Segment Open

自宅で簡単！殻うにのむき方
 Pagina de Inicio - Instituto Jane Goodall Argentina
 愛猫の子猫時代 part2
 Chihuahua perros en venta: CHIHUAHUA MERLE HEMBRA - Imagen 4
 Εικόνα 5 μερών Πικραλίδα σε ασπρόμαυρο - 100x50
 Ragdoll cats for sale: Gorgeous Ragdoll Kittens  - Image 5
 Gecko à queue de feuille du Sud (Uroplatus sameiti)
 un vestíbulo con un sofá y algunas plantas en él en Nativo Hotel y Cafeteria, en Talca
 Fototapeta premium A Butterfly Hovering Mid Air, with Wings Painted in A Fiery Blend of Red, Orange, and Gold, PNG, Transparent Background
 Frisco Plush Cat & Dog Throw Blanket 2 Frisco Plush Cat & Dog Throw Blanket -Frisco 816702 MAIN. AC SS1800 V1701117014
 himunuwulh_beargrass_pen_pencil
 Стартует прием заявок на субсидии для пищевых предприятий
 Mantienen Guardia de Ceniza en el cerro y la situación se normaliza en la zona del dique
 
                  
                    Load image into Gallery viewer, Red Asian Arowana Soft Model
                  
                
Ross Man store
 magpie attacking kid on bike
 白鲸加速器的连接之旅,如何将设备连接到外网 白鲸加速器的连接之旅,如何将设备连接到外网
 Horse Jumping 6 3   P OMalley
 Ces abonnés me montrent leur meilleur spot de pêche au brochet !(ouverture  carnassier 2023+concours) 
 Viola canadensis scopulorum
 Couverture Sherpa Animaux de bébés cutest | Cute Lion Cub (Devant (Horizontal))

Segment Closed

▶ [Exercise objective] This exercise requires all the entries to be written out again exactly.

▶ [Response area]
自宅で簡単！殻うにのむき方
 Pagina de Inicio - Instituto Jane Goodall Argentina
 愛猫の子猫時代 part2
 Chihuahua perros en venta: CHIHUAHUA MERLE HEMBRA - Imagen 4
 Εικόνα 5 μερών Πικραλίδα σε ασπρόμαυρο - 100x50
 Ragdoll cats for sale: Gorgeous Ragdoll Kittens  - Image 5
 Gecko à queue de feuille du Sud (Uroplatus sameiti)
 un vestíbulo con un sofá y algunas plantas en él en Nativo Hotel y Cafeteria, en Talca
 Fototapeta premium A Butterfly Hovering Mid Air, with Wings Painted in A Fiery Blend of Red, Orange, and Gold, PNG, Transparent Background
 Frisco Plush Cat & Dog Throw Blanket 2 Frisco Plush Cat & Dog Throw Blanket -Frisco 816702 MAIN. AC SS1800 V1701117014
 himunuwulh_beargrass_pen_pencil
 Стартует прием заявок на субсидии для пищевых предприятий
 Mantienen Guardia de Ceniza en el cerro y la situación se normaliza en la zona del dique
 
                  
                    Load image into Gallery viewer, Red Asian Arowana Soft Model
                  
                
Ross Man store
 magpie attacking kid on bike
 白鲸加速器的连接之旅,如何将设备连接到外网 白鲸加速器的连接之旅,如何将设备连接到外网
 Horse Jumping 6 3   P OMalley
 Ces abonnés me montrent leur meilleur spot de pêche au brochet !(ouverture  carnassier 2023+concours) 
 Viola canadensis scopulorum
 Couverture Sherpa Animaux de bébés cutest | Cute Lion Cub (Devant (Horizontal))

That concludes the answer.